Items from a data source
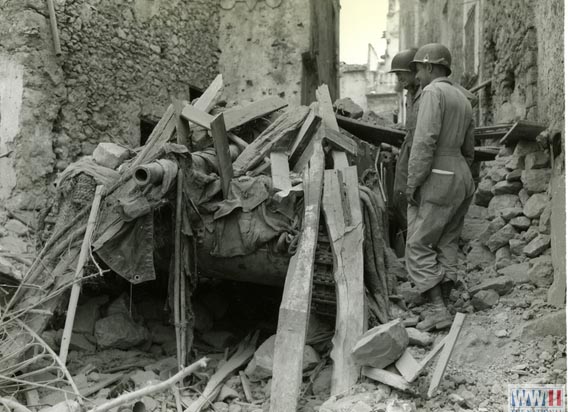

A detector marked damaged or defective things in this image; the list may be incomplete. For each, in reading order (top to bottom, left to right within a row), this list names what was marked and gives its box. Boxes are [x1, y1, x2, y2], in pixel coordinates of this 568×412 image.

damaged stone wall [0, 0, 219, 206]
broken roof beam [336, 114, 406, 148]
broken timber [270, 143, 324, 412]
broken timber [322, 166, 366, 394]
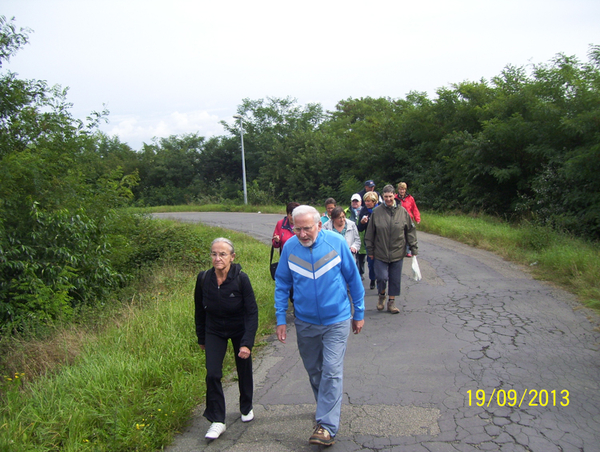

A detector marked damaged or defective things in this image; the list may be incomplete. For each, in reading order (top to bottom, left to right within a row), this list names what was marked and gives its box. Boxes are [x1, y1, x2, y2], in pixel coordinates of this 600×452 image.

cracked asphalt [156, 213, 600, 452]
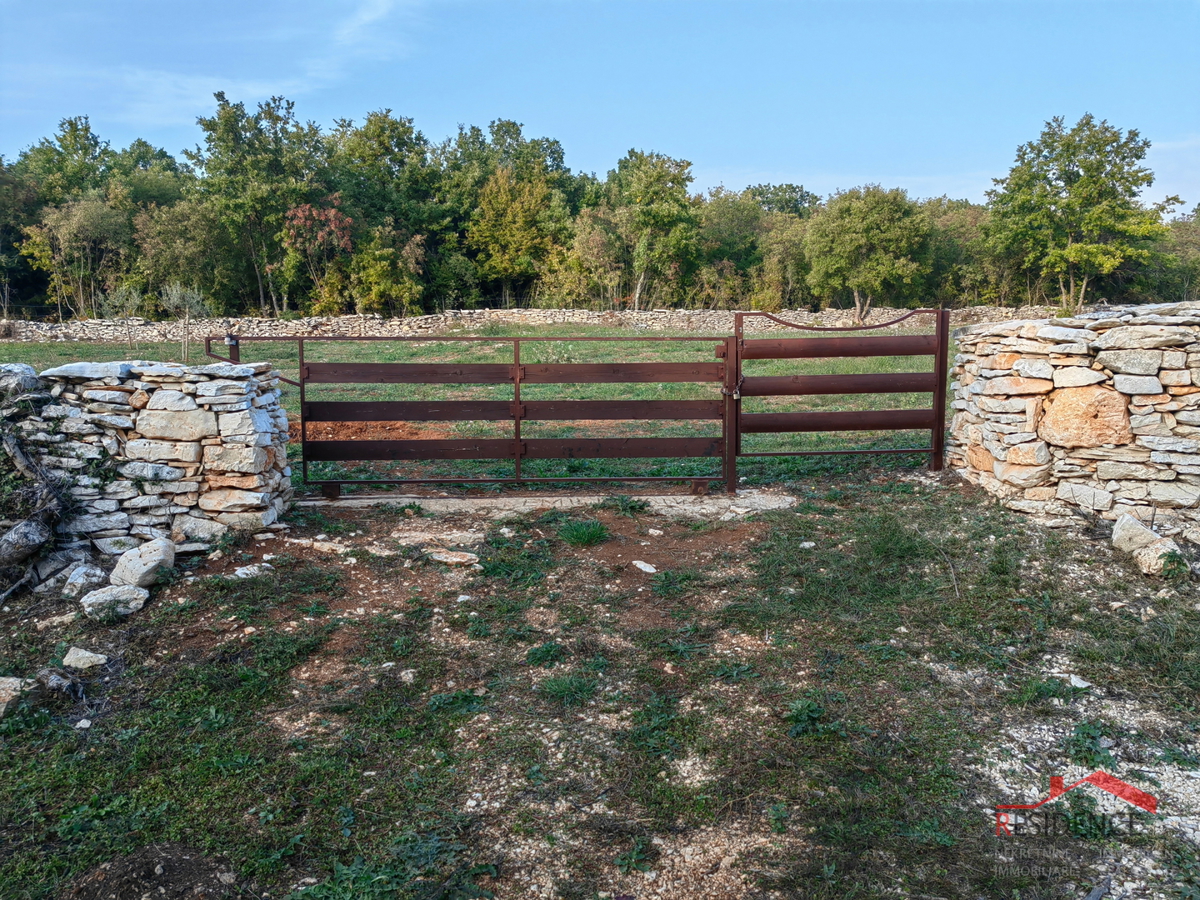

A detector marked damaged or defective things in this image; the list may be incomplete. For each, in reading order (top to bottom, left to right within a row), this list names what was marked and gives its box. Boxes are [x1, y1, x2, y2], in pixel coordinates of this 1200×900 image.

rusty metal bar [739, 336, 936, 360]
rusty metal bar [739, 372, 936, 396]
rusty metal bar [739, 410, 936, 434]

PROBLEM TO SOLVE =
The expected output is every line of the data, unchanged, with the pictures skipped.

SOLUTION FOR THIS EXERCISE =
A detector marked damaged or defective things in this image; the list may be incomplete. For each, in reading order (top to bottom, left to right within a row), this list names what was marked and gives its box. Boxes are [x1, y1, x2, y2], in pixel coordinates of this 568×412 image.

damaged stone wall [0, 0, 219, 206]
broken roof beam [336, 114, 406, 148]
broken timber [270, 143, 324, 412]
broken timber [322, 166, 366, 394]

A detector marked damaged or defective things in this image; the list may be incomplete. For each, in reading order (top to bottom, left to right within a row), this list names what was marked and gives its box. Boxes are [x1, y1, x2, y2], in pixel coordinates of this 600×452 image.

cracked asphalt [156, 213, 600, 452]

A detector marked damaged or defective things in this image; the list may be incomplete. For each, in reading order (top to bottom, left to right within a row), this list names what was marked and gives its box. Boxes are [x1, y1, x2, y2], in pixel coordinates of this 1200×900 image.

rusty metal bar [739, 336, 936, 360]
rusty metal bar [739, 372, 936, 396]
rusty metal bar [739, 410, 936, 434]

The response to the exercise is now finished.